D’un côté, ce petit renoncement ouvre une lueur d’espoir et montre une fois encore que la réalité s’impose même aux idéologues, surtout lorsque leur propre intégrité physique ou leur futur sont dans la balance. De l’autre, la modestie de ce renoncement montre que la claque n’est pas encore assez sévère, que le risque, pour l’élite, de se faire démettre (éventuellement violemment) n’est pas encore assez perceptible. Au passage, cette tension entre espoir et cynisme nous rappelle que le changement naît souvent de la peur, pas de la vertu, les révolutions commençant quand les élites sentent le vent tourner.
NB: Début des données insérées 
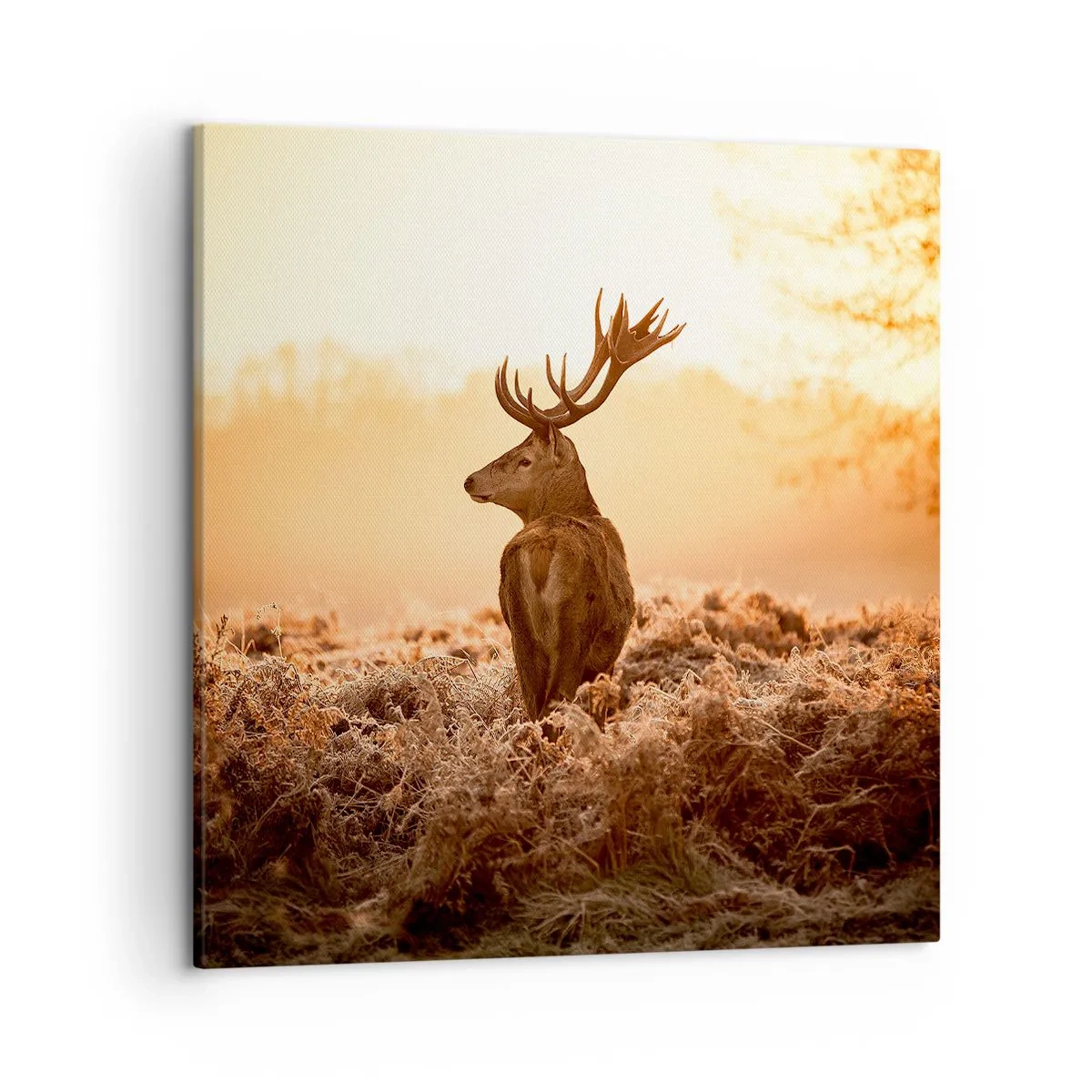 Canvastavla - Bild på duk - Herre på godset - 50x50 cm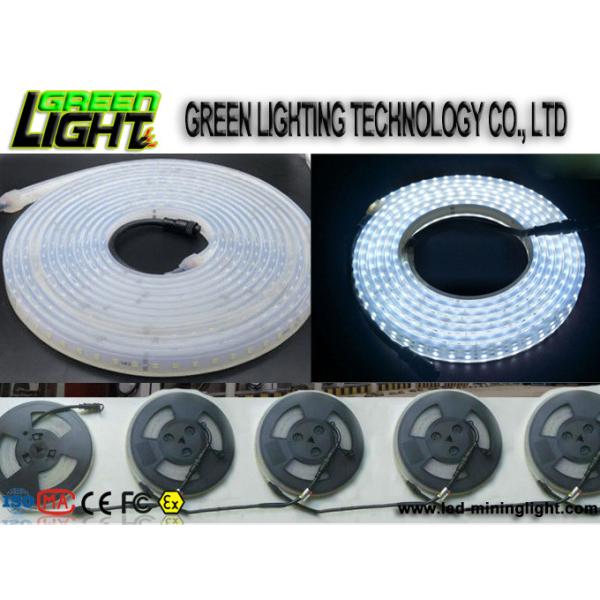 Silicone 12w Ip68 SMD5050 Flexible Led Light Strips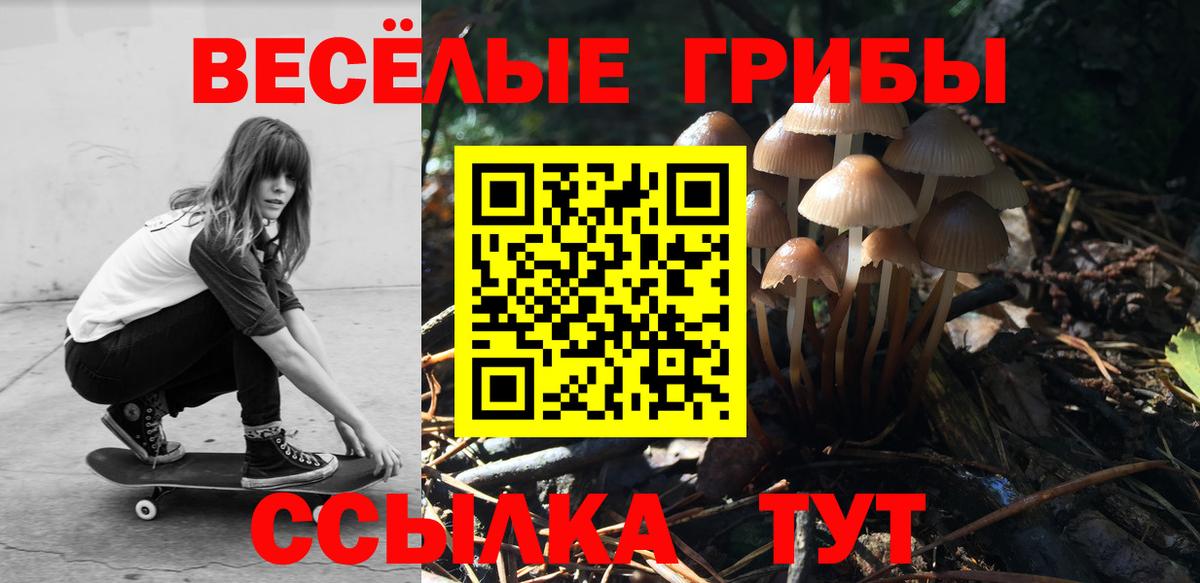 Псилоцибиновые грибы Magic Shrooms Ухта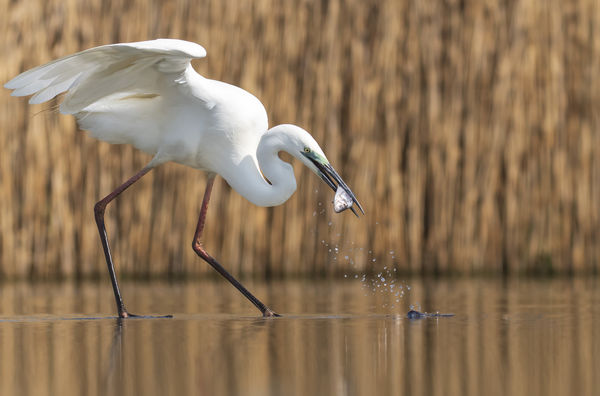 Kérész életű kárász
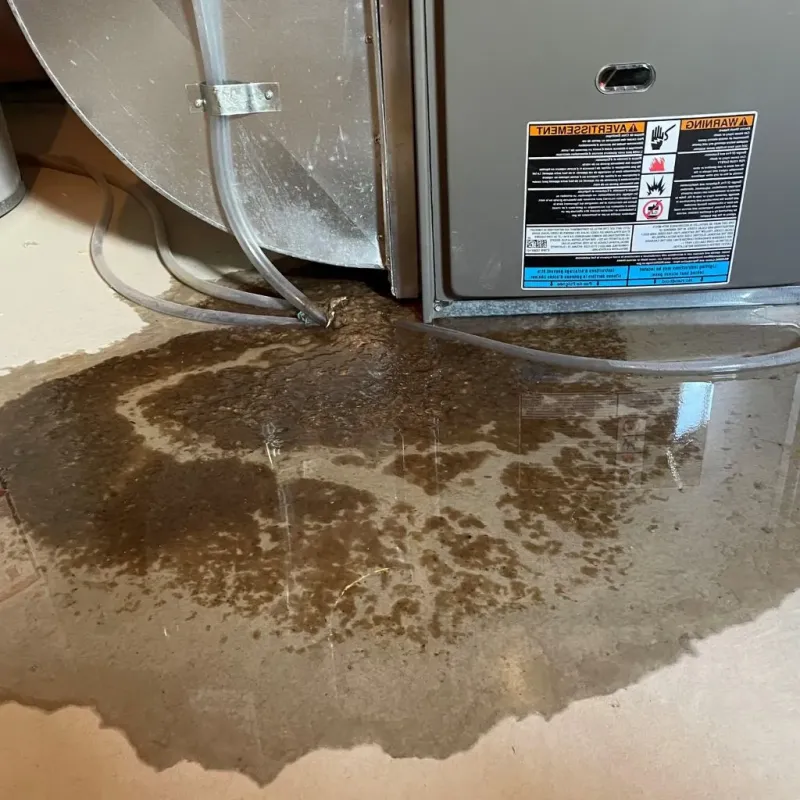 Pipe Burst and Leak Restoration in Gardner, MA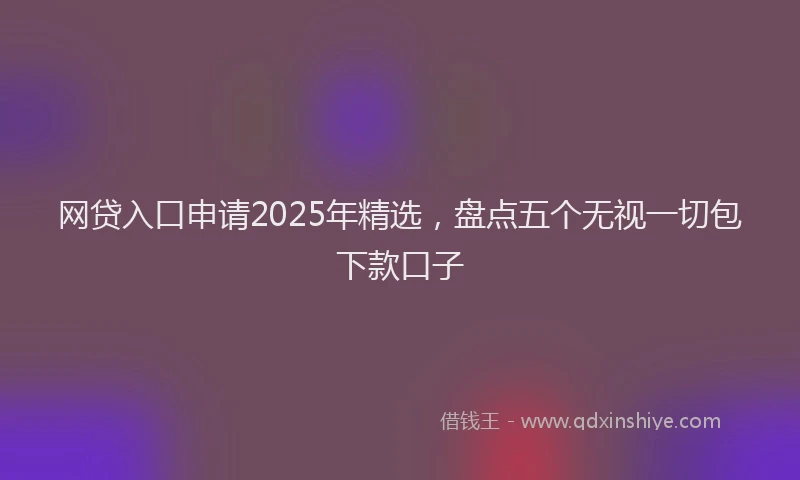 网贷入口申请2025年精选，盘点五个无视一切包下款口子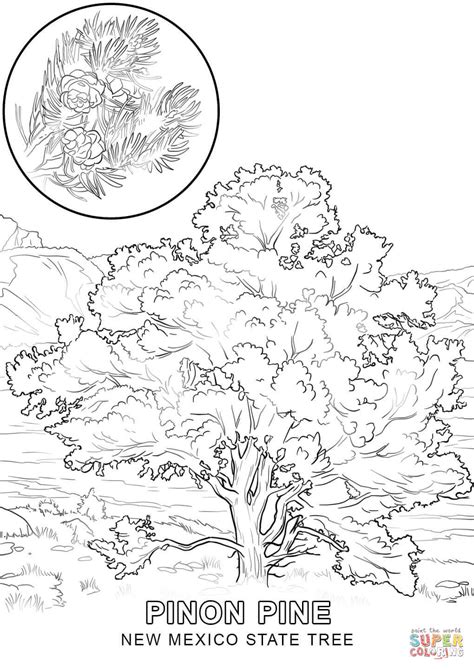 New Mexico State Tree coloring page | Free Printable Coloring Pages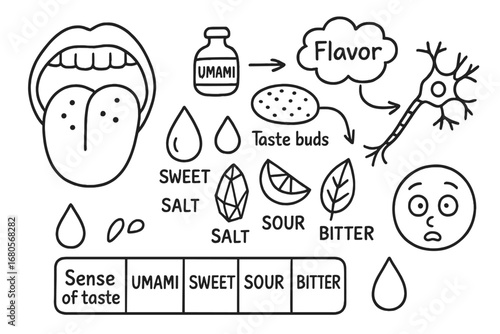 Taste Sensation Doodles. Hand-drawn doodle illustration taste sensation tongue, taste buds, electric signal, neuron, brain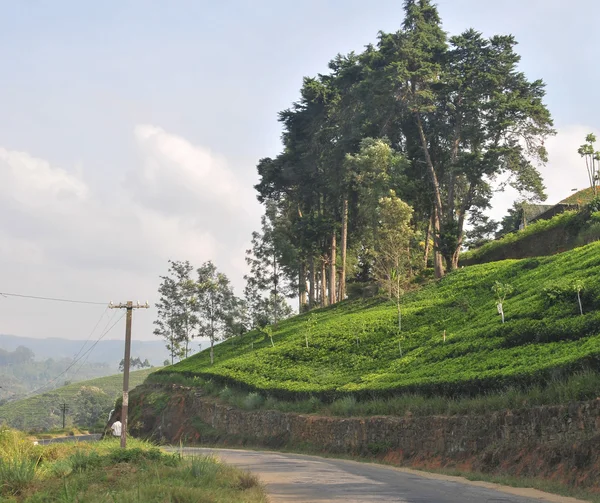 Paysage avec plantations de thé — Photo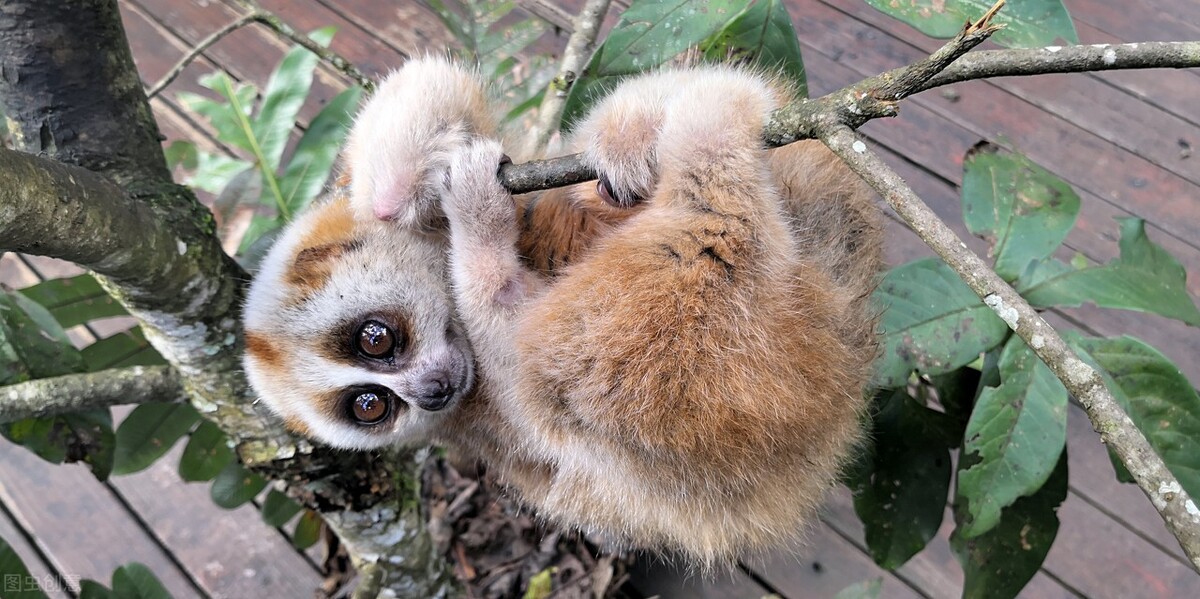 云南旅游昆明普洱西双版纳路线,西双版纳自驾游最佳路线攻略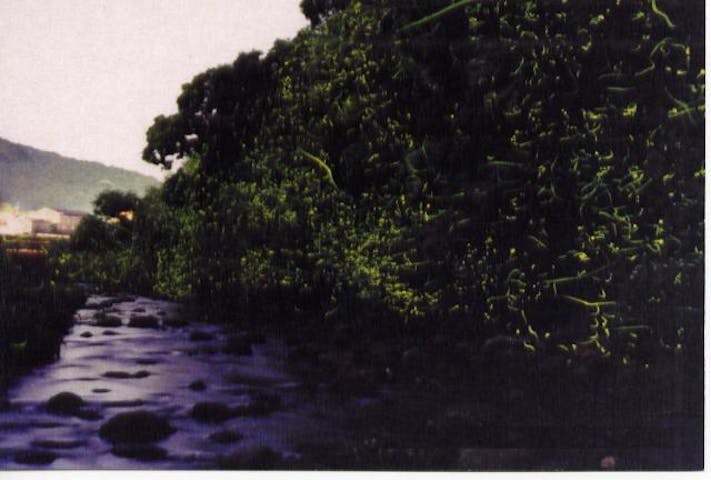 【中止】荒川ほたるでナイト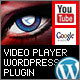 Video Player Wordpress Plugin - YouTube/FLV/H264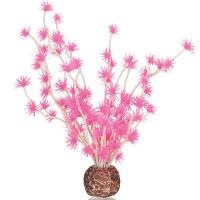 Бонсай розовый (Bonsai ball pink) Бонсай розовый (Bonsai ball pink)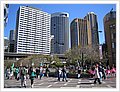 0227_circular_quay.JPG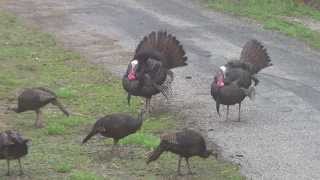 wild turkeys gobbling 41813 [upl. by Ayikat]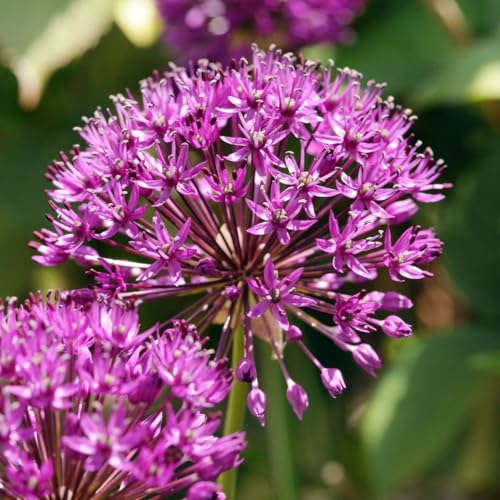 Plant in a Box - Allium Purple Sensation - 30x bulbo de flor de Alium - bulbos Resistentes para el jardín - de floración temprana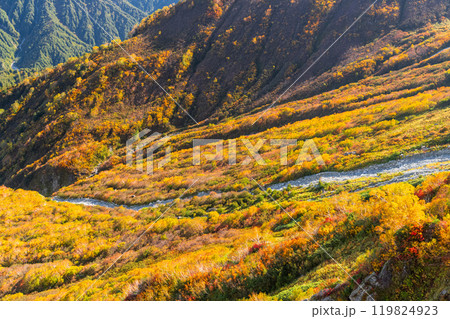 《富山県》紅葉の立山黒部アルペンルート・大観峰雲上テラス 119824923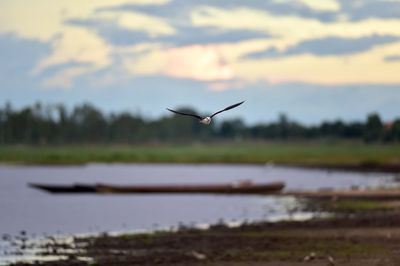 Bird flying over the sea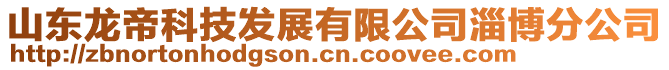 山東龍帝科技發(fā)展有限公司淄博分公司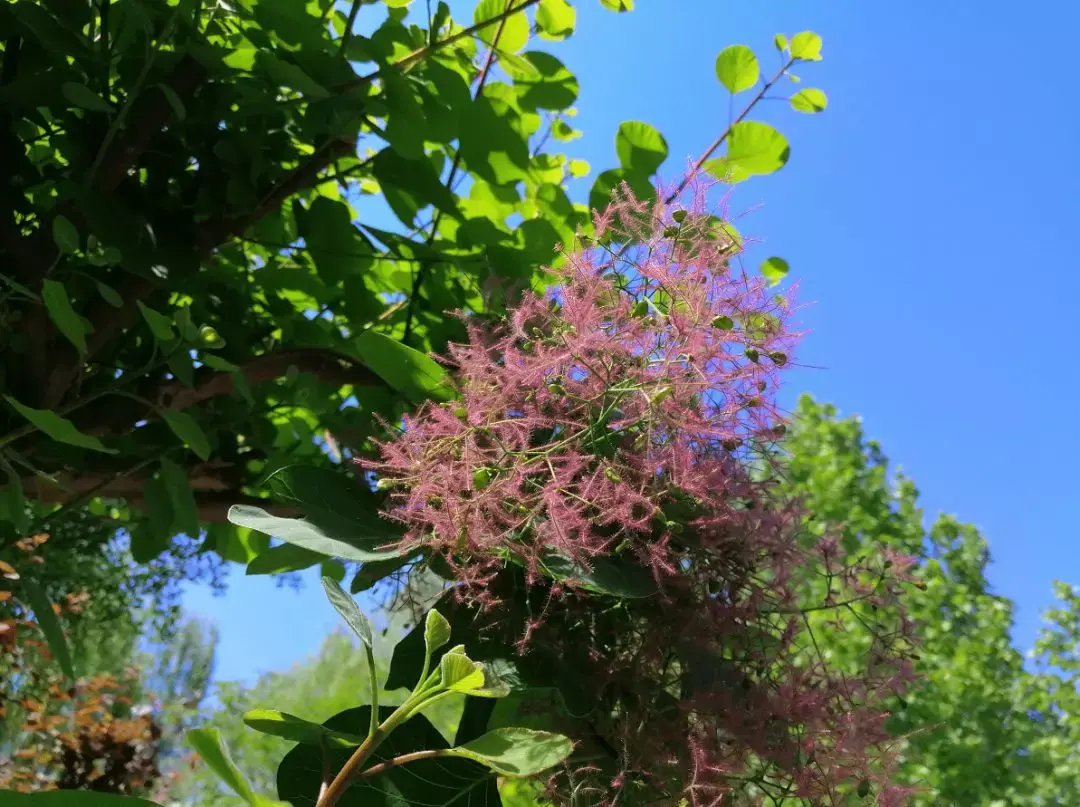 【认识植物】雾中情人 | 黄栌,初夏观花,金秋赏叶 - 知乎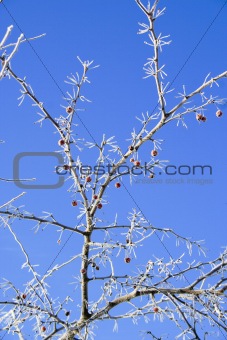 Frosted branch with red berries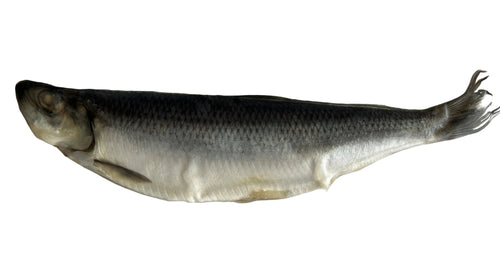 Brined Herring - Whole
Notons enfin la proximité de ce changement d’orientation et la récente parution de la stratégie nationale de sécurité américaine, relatée dans ces colonnes il y a quelques jours : certains n’y verront qu’une synchronicité pratique (ce sont des habitués de la coïncidence multiple et répétée). D’autres verront cela comme une sorte d’accusé de réception, une prise de conscience – même partielle, même modeste – qu’au-delà des rodomontades bravaches de cruches parlementaires, la direction prise par l’Union est véritablement suicidaire et qu’il faut commencer à pivoter… si l’on veut éviter une fin brutale, celle d’une Union qui se sera sabordée au nom de vertus qu’elle n’a jamais su incarner.